Boko Haram fighters detained hundreds of women and children at a school in the northeast Nigerian town of Baga after a massive attack earlier this month, one woman who was freed told AFP.
“There were over 500 women and hundreds of children,” Kaltuma Wari, who was released earlier this week, said by telephone from the Borno State capital, Maiduguri, on Thursday evening.
There was no independent corroboration of the figure or indication of how many were still being held but another woman and a survivor who escaped have also said hundreds of women and girls were held.
“Boko Haram took around 300 women and kept us in a school in Baga,” one unnamed woman was quoted as saying by Amnesty International in a statement released on Thursday.

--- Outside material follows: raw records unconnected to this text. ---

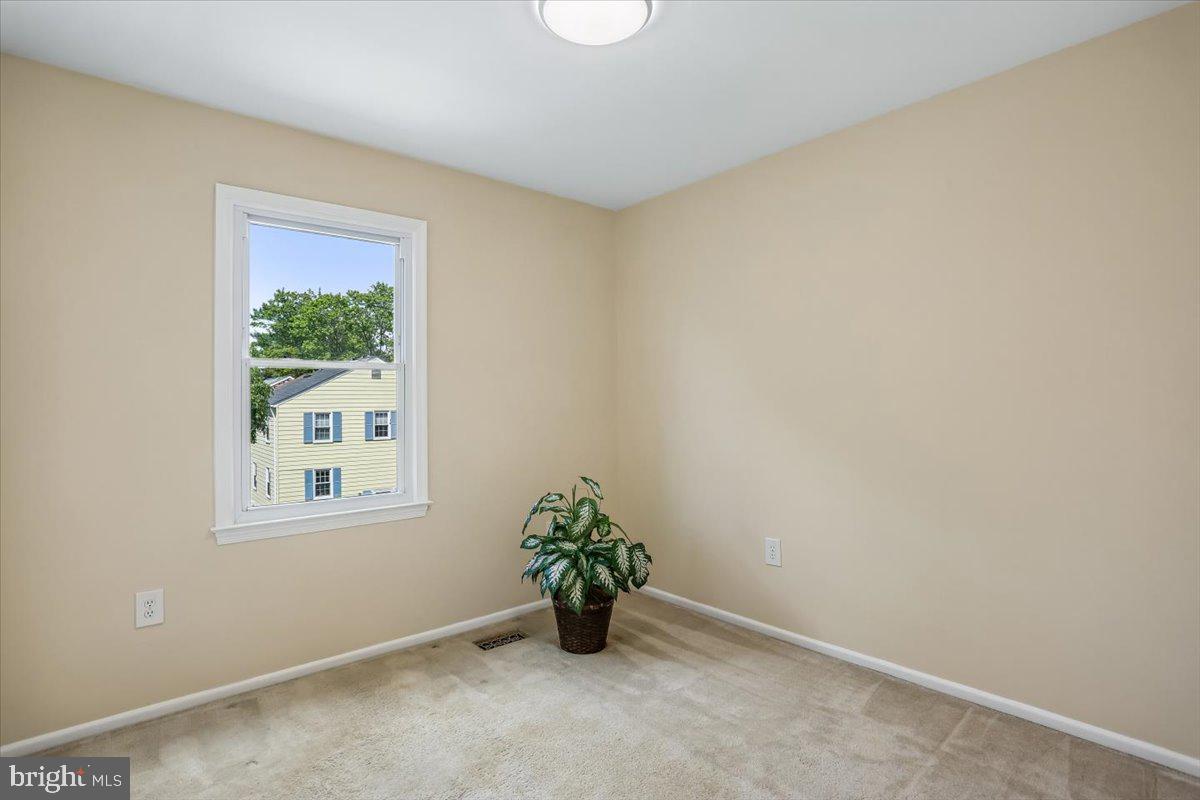 ROCKSHIRE TOWNHOMES - Residential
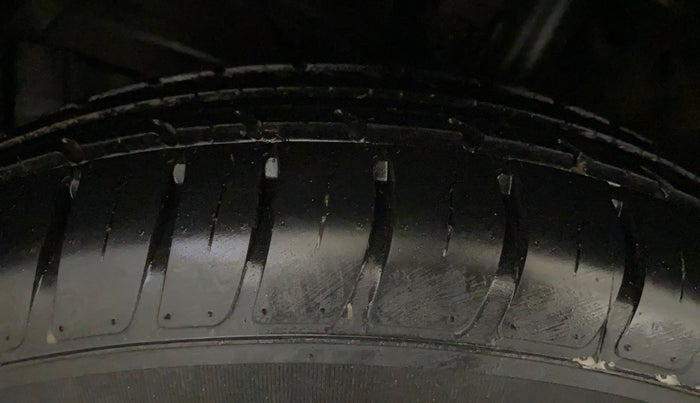 2021 Maruti Swift LXI, Petrol, Manual, 17,277 km, Left Front Tyre Tread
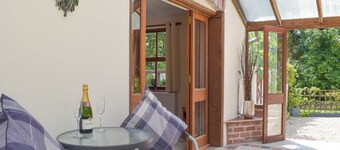 2 bedroom accommodation in Llechryd, near Cardigan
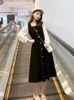 QWEEK Koreaanse Stijl Zwarte Jurk Vrouwen Vintage Vierkante Kraag Lange Mouw Midi Jurken Kpop Mode Herfst Gewaden Vrouwelijke 240117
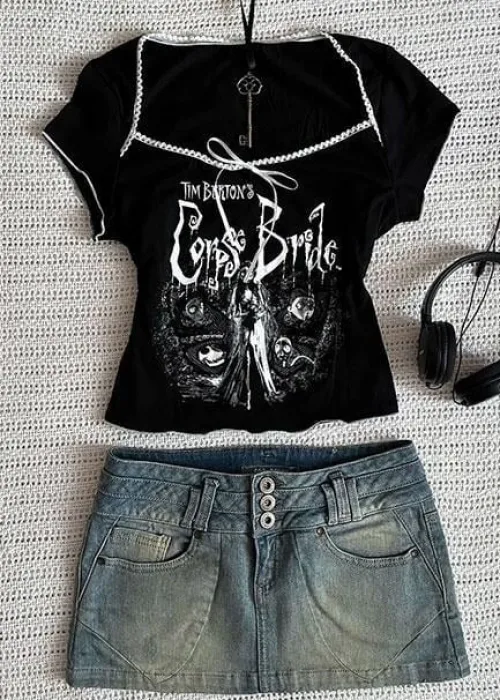 Siyah Corpse Bride Dikiş Detaylı Kurdeleli Kısa Kollu Crop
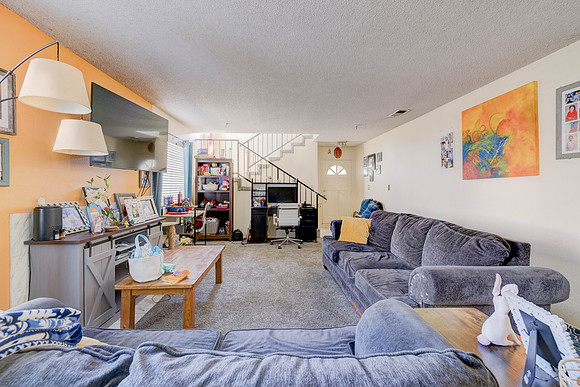 3702  W 126th St-034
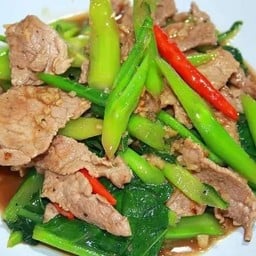 ข้าวคะน้าหมูชิ้น(ฟรีไข่ดาว)
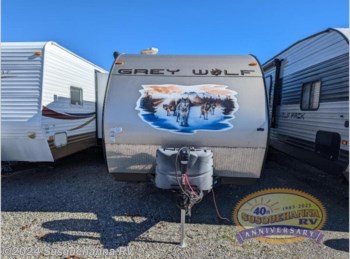 Used 2013 Forest River Cherokee Grey Wolf 27BHKS available in Selinsgrove, Pennsylvania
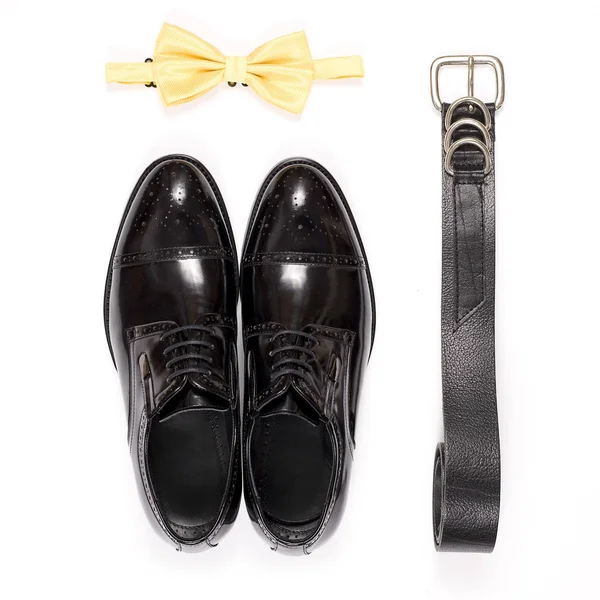 Erkek şık giyimi beyaz arka plan üzerinde ayarla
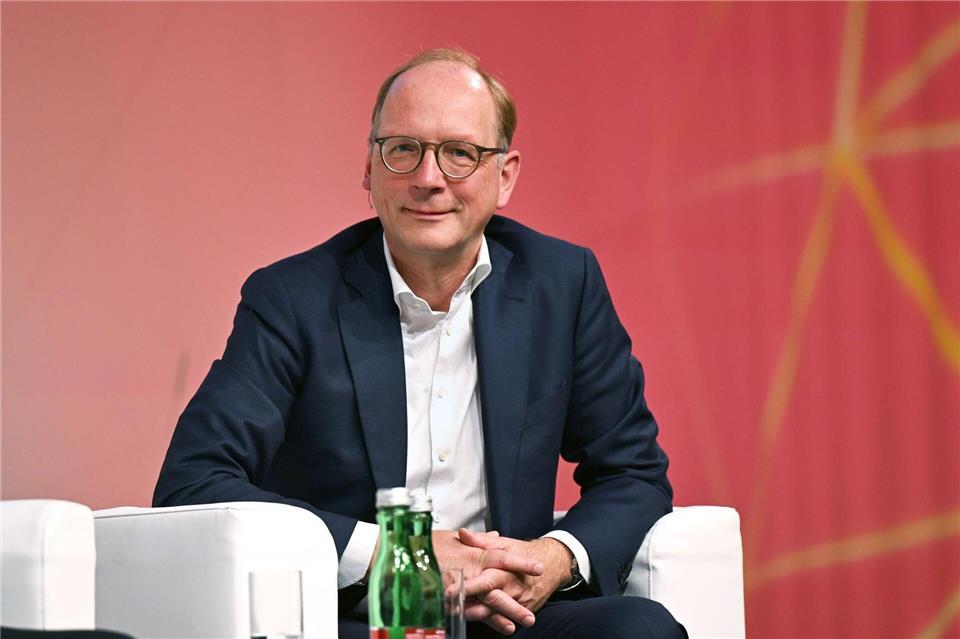 Auch Netcologne-Chef Timo von Lepel sind die Millionen DSL-Anschlüsse in Deutschland ein Dorn im Auge.Wolf von Dewitz/dpa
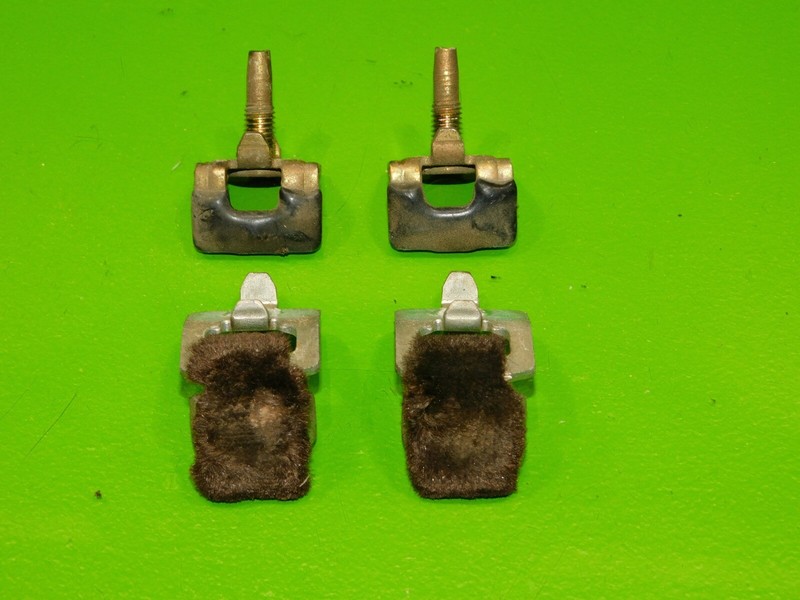 90-93 Integra OEM door glass window bump stops guides L or R
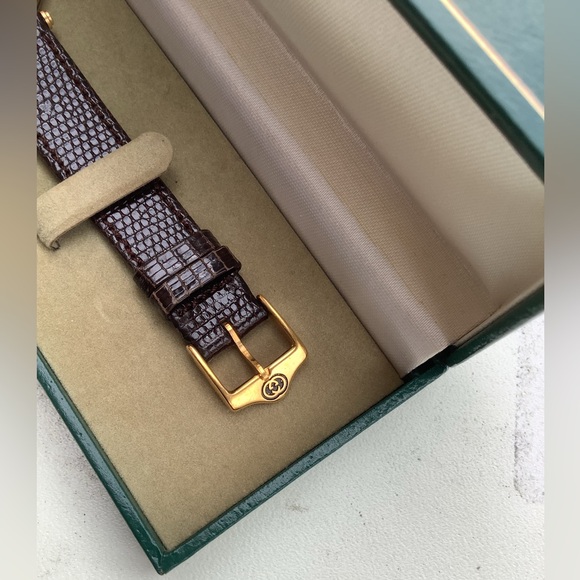 Authentic GUCCI watch UNISEX ❤️💚 - Picture 14 of 14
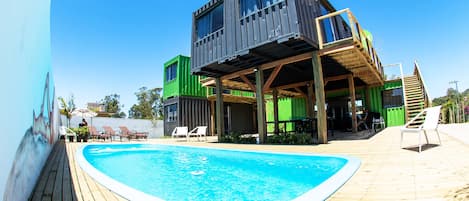 Utendørsbasseng og solsenger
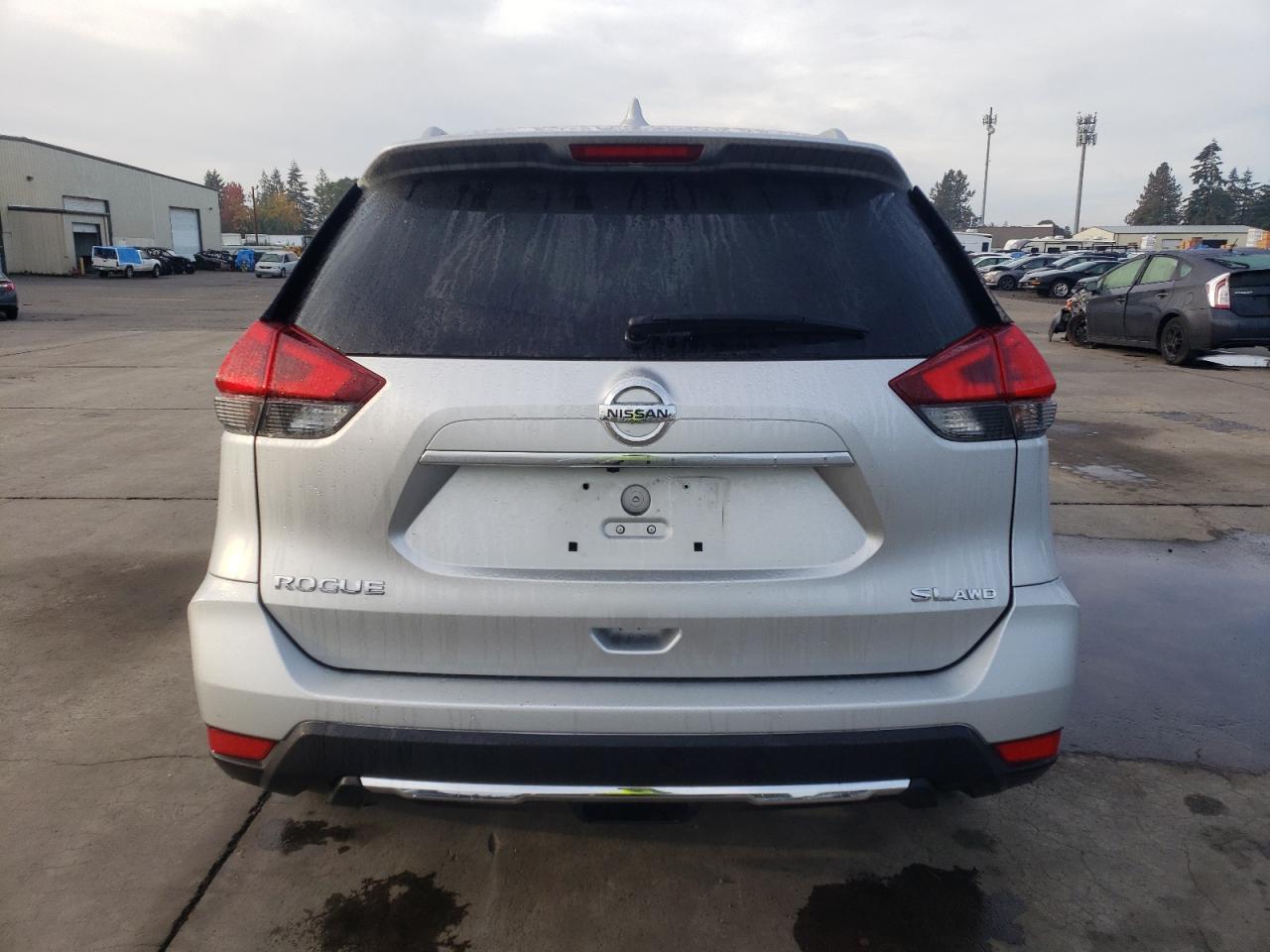 2018 Nissan Rogue - Image 6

“They released the older women, mothers and most of the children after four days but are still keeping the younger women.”
Civilian vigilante Yanaye Grema, who escaped after hiding for three days in the town, said he met four women, including one with a baby on her back, as he fled through the bush last week.
“They told me they were among hundreds of women that were abducted by Boko Haram and detained,” he told AFP earlier.
Wari, 40, said Boko Haram fighters took her to a girls’ boarding school in Baga after she went into the streets to look for her husband and six of her nine children.
The women and children were kept in dormitories, classrooms and in the open, despite the cold weather caused by the seasonal winds, the Harmattan, she added.
“They didn’t touch any woman but they paid more attention to young women. They kept watch on them and they were always accompanied by gunmen wherever they went, even to the bathroom,” she said.
During her time at the school, she was forced to cook for the militants. Many of the women refused to eat out of worry for their loved ones, she added.
“Some of us turned hysterical and I was one of them. They got fed up with us and (on Wednesday) around 2:00 pm (1300 GMT) they singled us out and asked us to leave the town,” she said.
“We were around 100, all of us mothers,” she added. “They would never allow any young woman to leave.”
Hundreds of people, if not more, are feared to have been killed in the attack on Baga that may prove to be the deadliest in the conflict.
But the detention of hundreds of young women is likely to increase mounting concern around the world about the scale of the attack.
Kidnapping of young women and girls has been an established tactic in the six-year insurgency, including last April, when 276 schoolgirls were abducted from the town of Chibok.
Fifty-seven managed to escape but 219 are still being held.